I 40 anni del Centro Relazioni Culturali

Rimini

RAVENNA. Quarant’anni, per una rassegna culturale, sembrano quasi una durata impossibile.

Eppure era il 1974 quando il Centro Relazioni Culturali di Ravenna – nato due anni prima – organizzò il primo di una serie di incontri letterari tutt’ora in corso e che proprio questa sera (ore 18) celebra alla Sala D’Attorre di Casa Melandri i quattro decenni di esistenza. Ospite d’onore Luca Goldoni, scrittore e prestigiosa firma del giornalismo italiano, che fu il terzo ospite del Centro nel 1975 e che da allora ha collezionato quattordici presenze, accompagnato da Roberto Casalini, Franco Gàbici, Giuseppe Rossi e da Ouidad Bakkali, assessora alla Cultura del Comune di Ravenna.

L’idea del Centro Relazioni Culturali nasce dalla precedente esperienza del Trebbo poetico, avviata nel 1956 da Walter Della Monica e Toni Comello, e sostenuta dai grandi poeti, tra cui Giuseppe Ungaretti, che all’epoca così parlava a proposito di questa iniziativa: «Sento che il trebbo farà miracoli per riportare gli uomini a non essere più tanto distratti dalla loro voce più profonda».

È lo stesso Walter Della Monica, tuttora organizzatore degli “Incontri letterari” di Casa Melandri, a ripercorrere qualche tappa di questi primi quarant’anni di attività.

8 aprile del 1974, una data che non dimenticherà.

«No di certo. Fu il primo incontro letterario in assoluto, quello con Carlo Sgorlon, che con Il trono di legno aveva vinto il premio Campiello nel 1973. Lo avevo conosciuto durante un trebbo poetico a Udine e quando lo invitammo si ricordò che quell’esperienza era stata molto positiva. Poi, un mese dopo, venne Giuseppe Berto, l’autore del romanzo Il male oscuro, che era divenuto famosissimo. All’inizio questi incontri erano molto saltuari, tanto che il terzo ospite, Luca Goldoni, venne nel febbraio del 1975, per presentare il suo È successo qualcosa?. Tutto nacque insieme a Mario Lapucci, allora libraio e scrittore ma poi fondatore della casa editrice del Girasole, che è stato con noi fino al 1992, anno della sua scomparsa».
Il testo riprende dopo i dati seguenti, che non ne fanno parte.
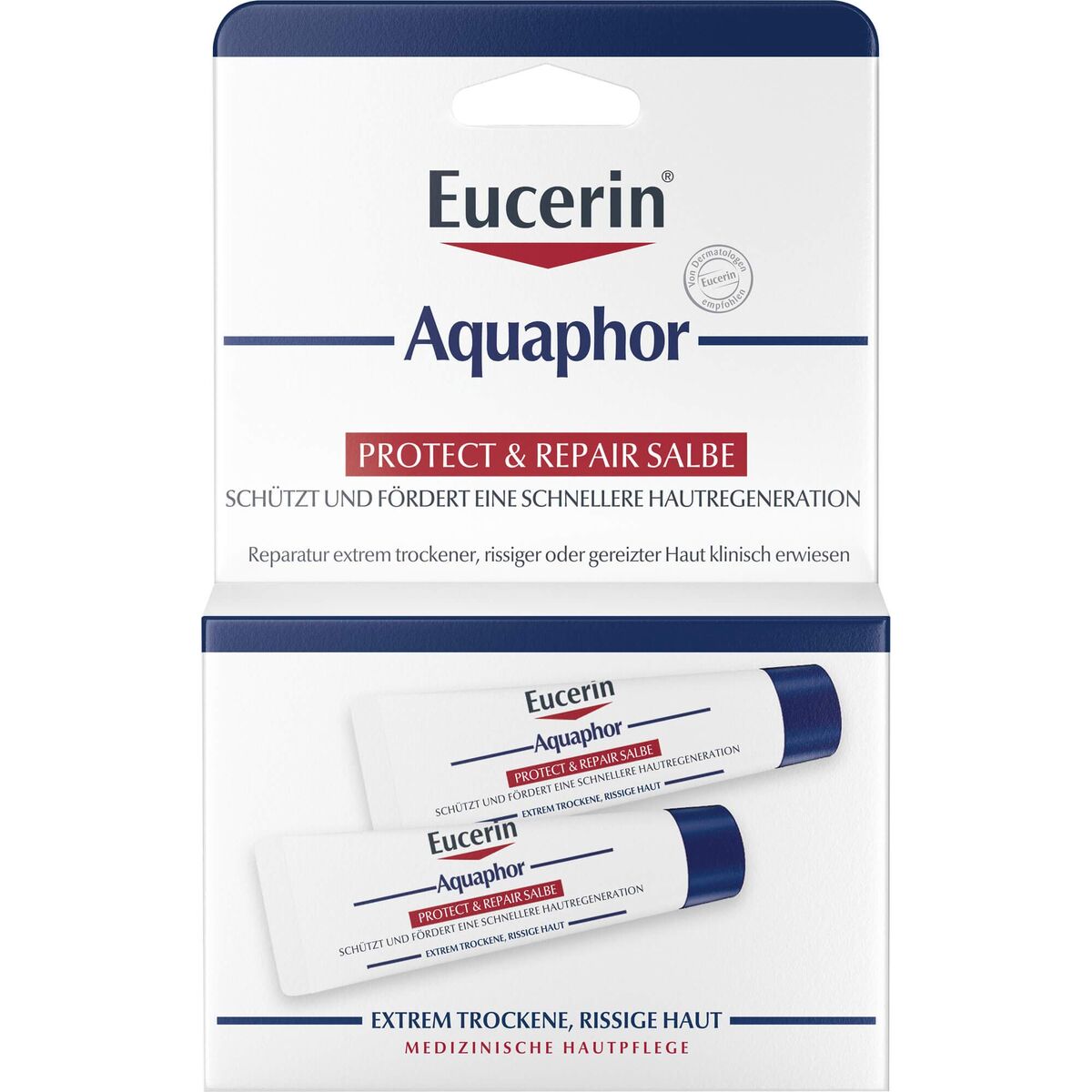 Herstellend Geizhtsbalsem Eucerin 12878_15089 Gouden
Come reagì il pubblico a queste proposte letterarie?

«In generale il nostro primo intento era quello di puntare sulla narrativa, ma poi ci siamo resi conto che questa non sembrava essere molto negli interessi del pubblico e allora ci siamo orientati sulla saggistica. E più che puntare sui nomi col tempo abbiamo preferito privilegiare gli argomenti, anche in ambito poetico. Con questa filosofia abbiamo impostato tutti i cicli d’incontri, che ora sono arrivati ben oltre i 1600, con cadenza settimanale, tutti i venerdì, ai quali si aggiungono gli speciali martedì, dedicati alle firme della Romagna».
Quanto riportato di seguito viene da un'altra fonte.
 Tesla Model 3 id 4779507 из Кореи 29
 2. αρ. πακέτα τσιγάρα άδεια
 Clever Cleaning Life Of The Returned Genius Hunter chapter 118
Ricorda ospiti il cui nome è poi “esploso”?

«Direi proprio che ne sono passati tantissimi che poi hanno goduto di grande fama, basti pensare a Umberto Eco, Enzo Biagi, Fernanda Pivano, Franco Ferrarotti, Camilla Cederna, Piero Angela, Lidia Ravera, ma anche nomi già noti, come quelli di Gino Bartali, Margherita Hack o Tonino Guerra. Il prossimo novembre poi arriverà Dacia Maraini».

In quarant’anni com’è cambiato il pubblico?
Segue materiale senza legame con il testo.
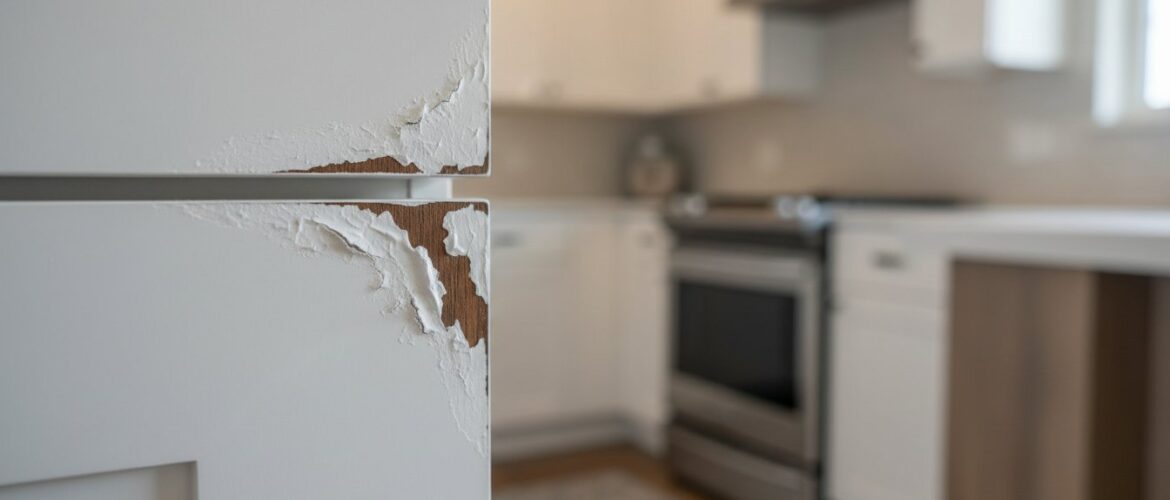 Fixing Chipped Paint on Cabinets in Denver: Why Spot Repairs Often Fail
«All’inizio la sala era quasi completamente composta da uomini, ora invece è l’esatto contrario. L’unica costante è la scarsa presenza di giovani, purtroppo. Per una decina d’anni siamo stati itineranti, sfruttando tutte le sale possibili di Ravenna, poi, a partire da metà anni Ottanta, ci è stata data la Sala D’Attorre di Casa Melandri».

Il Centro Relazioni Culturali è stato poi il primo in tutta Italia a proporre a Ravenna la lettura completa della Divina Commedia, e le quarantanove traduzioni di La Divina Commedia nel mondo.

«Sì, traduzioni che quest’anno diventeranno cinquantadue con la proposta delle versioni bengalese, croata e georgiana. È chiaro che in questa attività la ricerca va poco per volta esaurendosi, per forza di cose, ora ci stiamo orientando di più verso l’Asia. Certo, le traduzioni vengono quasi tutte fatte su una versione inglese o francese, ma il fatto che la Divina Commedia e Dante siano arrivati nelle università di così tanti Paesi non può che far piacere».